Cosas que hacer con los dientes cuando aún no has muerto

OPINIÓN

03 jul 2016 . Actualizado a las 05:00 h.

Al igual que nos hemos inventado la expresión «los políticos» y la empleamos sin tener muy claro a quiénes nos referimos, tampoco nos cortamos mucho a la hora de tratarles con desprecio, atribuyéndoles un egoísmo consustancial a su condición, refiriéndonos a ellos como si todos fueran iguales y actuaran movidos por los mismos impulsos. No es del todo justo. Olvidamos que dentro de ese conjunto de contornos poco definidos habitan personas de carne y hueso, con sus pequeñas mezquindades y sus pequeños heroísmos, que basculan del egoísmo al altruismo como los demás y son capaces de traicionar al amigo tanto como de sacrificarse por el enemigo. Me he hecho un pequeño lío, pero no importa: lo que sea con tal de subrayar la dimensión humana de nuestros representantes públicos y sus coadjutores. Si los pinchamos, sangran. Si les hacemos cosquillas, se ríen. Si los envenenamos, se mueren. Podríamos seguir citando a Shakespeare hasta la próxima convocatoria electoral y alguno (yo mismo) lo agradecería, pero no sabemos qué haría Shakespeare con la democracia ultramoderna, tan solo podemos conjeturar que muchos de nuestros «políticos» le parecerían tan honrados como honrado le parecía Bruto a Marco Antonio. Los políticos son gente honrada. Pero, sobre todo, son gente. Muy gente y mucha gente, que diría Mariano Rajoy, otro bardo inmortal.
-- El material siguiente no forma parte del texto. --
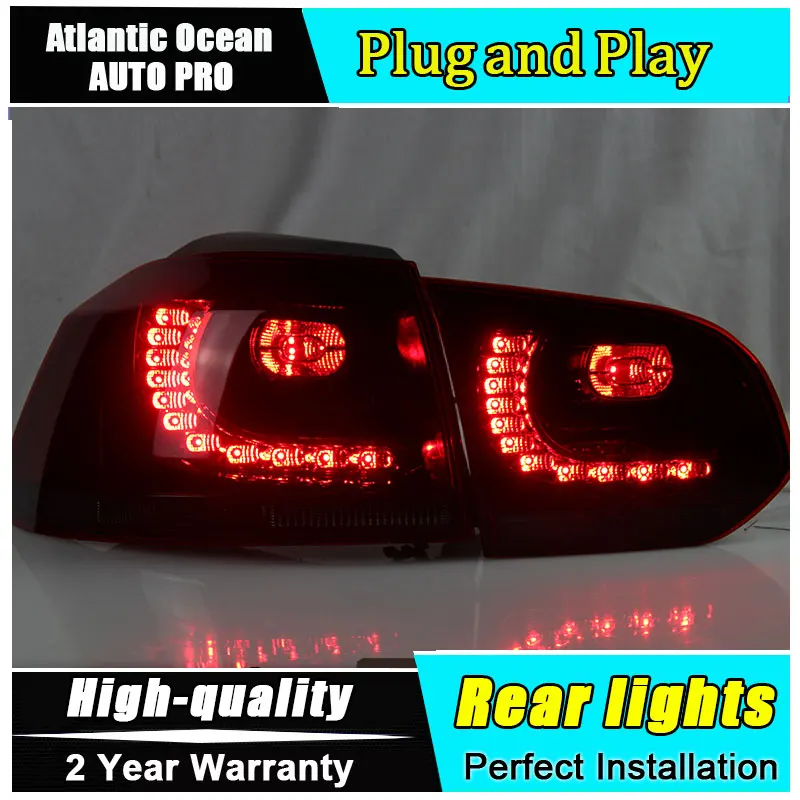 Car Styling for VW Golf 6 Taillights 2009-2012 for Golf MK6 R LED Tail Lamp Rear Lamp LED Fog Light DRL+Brake+Park+Signal lights цена Car Styling for VW Golf 6 Taillights 2009-2012 for Golf MK6 R LED Tail Lamp Rear Lamp LED Fog Light DRL+Brake+Park+Signal lights цены онлайн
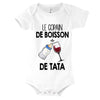 Body bébé Le copain de boisson de tata Vin - Planetee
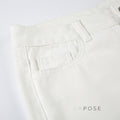 Andria White Straight-Leg Jeans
Ser gente, no solo aparentarlo. Cuando uno es gente, se entristece como todo el mundo, y da lo mismo que su profesión se confunda con una vocación de servicio público: se deprime igual. Así que es comprensible que, después de una noche electoral en la que has visto desinflarse todas tus expectativas, te encierres durante cuarenta y ocho horas en tu habitación a morder un cojín y comer bombones. Es lo que haría cualquiera de nosotros si le echaran del trabajo, solo que sin haber perdido el trabajo. Bruto, en tu lugar, pondría pies en polvorosa, pero Bruto no tenía internet. En cambio, tú puedes estar leyendo todo lo que tuitea Marco Antonio y no te hace ni pizca de gracia, pero no por eso dejas de morder el cojín: es tu derecho. Es la humanidad en ti. Tu faceta más gente. ¿Qué importa que el futbolín se esté desarmando? ¿Qué puede ser más importante que tu orgullo herido?

Por supuesto, en algún lugar hay alguien preparándote el argumentario para cuando te decidas a secar tus lágrimas y abandonar tus aposentos. De nuevo hay que aplaudirte por tu honda humanidad, por esa ingenuidad que te lleva a repetir un cliché detrás de otro como si siguieras en campaña electoral. A eso lo llamamos profesionalidad. Es positivo. Habrá quien lo llame desfachatez. Pero la desfachatez no es eso.